## WHAT IS BEING ASKED
The expected answer is the set of lines in the data below between the line holding "Claudia Strater Dames Blazer Cs25-15503 Ecru" and the line holding "cadre spécial mariage", inclusive, written out exactly.

## INFORMATION GIVEN
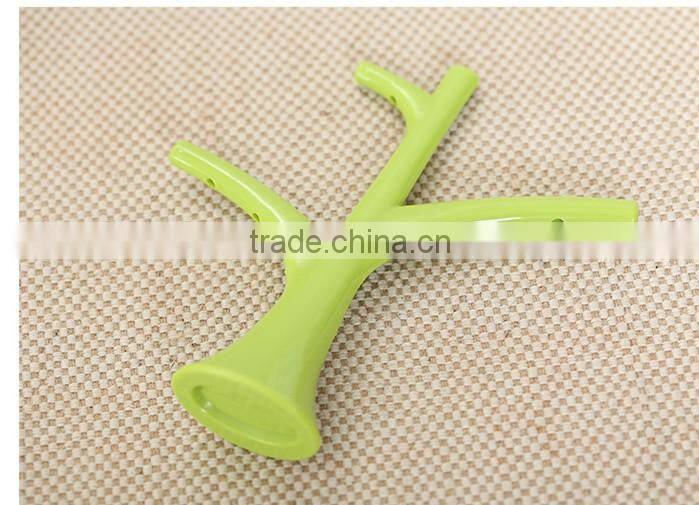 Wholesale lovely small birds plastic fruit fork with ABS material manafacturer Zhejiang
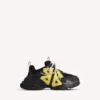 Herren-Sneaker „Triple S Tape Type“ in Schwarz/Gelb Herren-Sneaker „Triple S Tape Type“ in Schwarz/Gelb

...

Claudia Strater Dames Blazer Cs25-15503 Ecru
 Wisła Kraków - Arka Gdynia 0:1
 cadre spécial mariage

## TASK RESPONSE
Claudia Strater Dames Blazer Cs25-15503 Ecru
 Wisła Kraków - Arka Gdynia 0:1
 cadre spécial mariage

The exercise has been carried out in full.